_Directions for this task_
The reply should match the listing below character for character, except that no image is carried over.
•••••
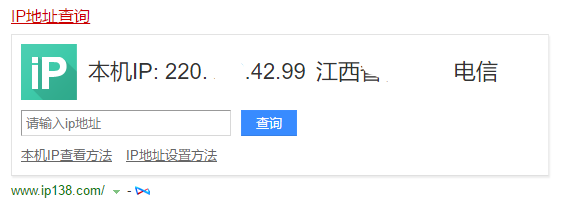 pfSense 映射公网IP给内网主机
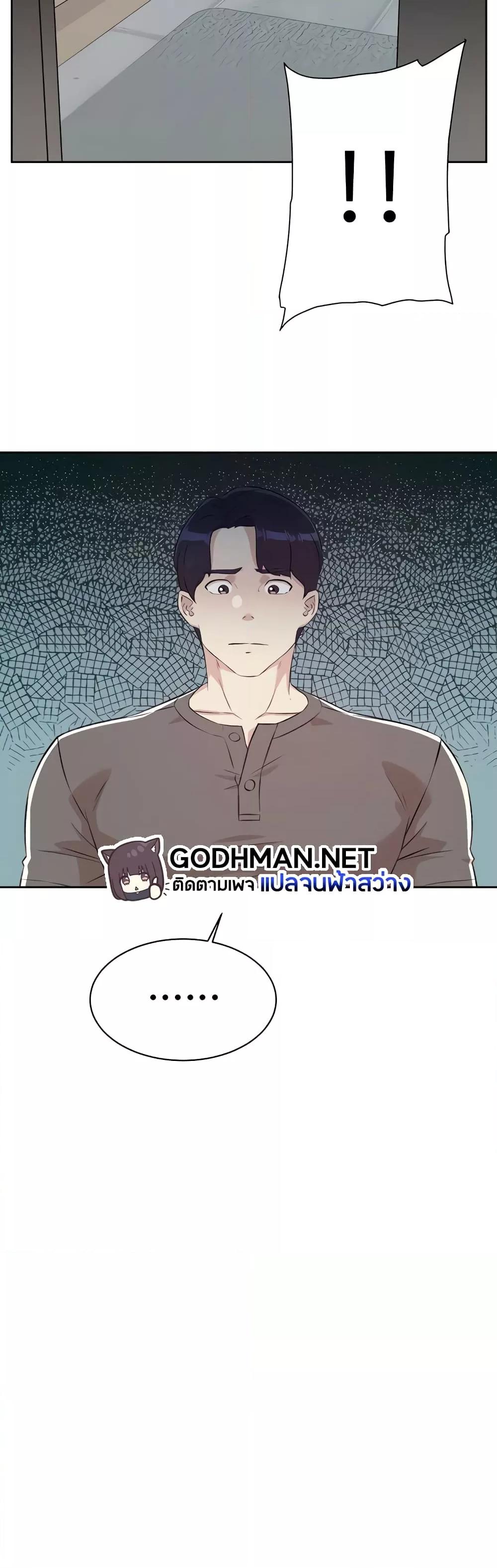 Doujin-Lc- อ่าน โดจิน มังฮวา เกาหลี ญี่ปุ่น จีน แปลไทย Everything About Best Friend ตอนที่ 1 2 3 4 5 6 7 8 9 10 11 12 13 14 ฟรี ไม่มีโฆษณา อ่าน โดจิน Manhwa เกาหลี ญี่ปุ่น จีน เรามีครบ คัดมาให้เน้นๆ โดจิน 18+ รับประกันความฟินโดย  Doujin Lc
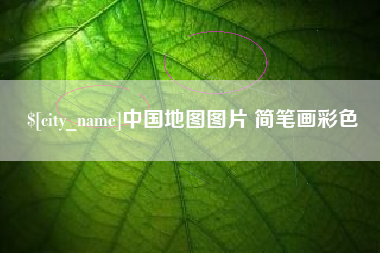周口中国地图图片 简笔画彩色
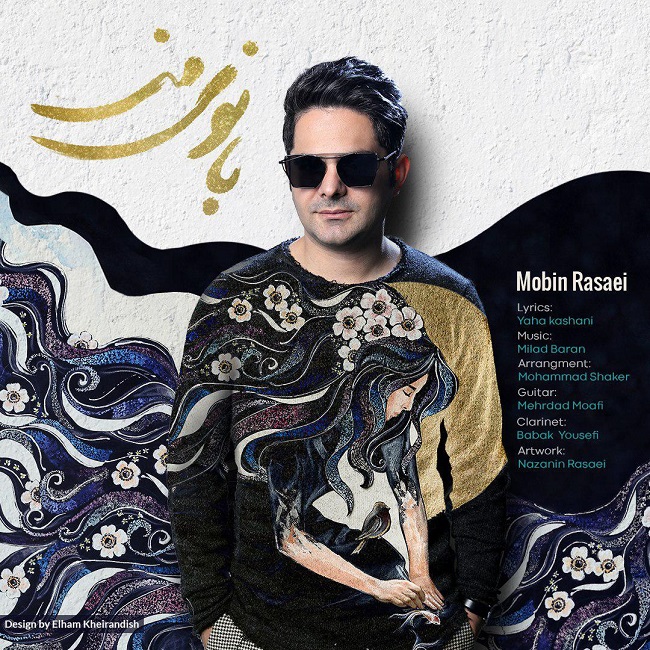 دانلود آهنگ بانوی من دانلود آهنگ بانوی من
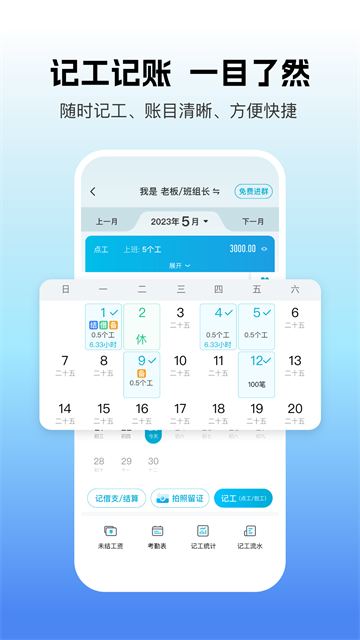 吉工家截图1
•••••
_Exercise answer_
 pfSense 映射公网IP给内网主机
 Doujin-Lc- อ่าน โดจิน มังฮวา เกาหลี ญี่ปุ่น จีน แปลไทย Everything About Best Friend ตอนที่ 1 2 3 4 5 6 7 8 9 10 11 12 13 14 ฟรี ไม่มีโฆษณา อ่าน โดจิน Manhwa เกาหลี ญี่ปุ่น จีน เรามีครบ คัดมาให้เน้นๆ โดจิน 18+ รับประกันความฟินโดย  Doujin Lc
周口中国地图图片 简笔画彩色
 دانلود آهنگ بانوی من دانلود آهنگ بانوی من
 吉工家截图1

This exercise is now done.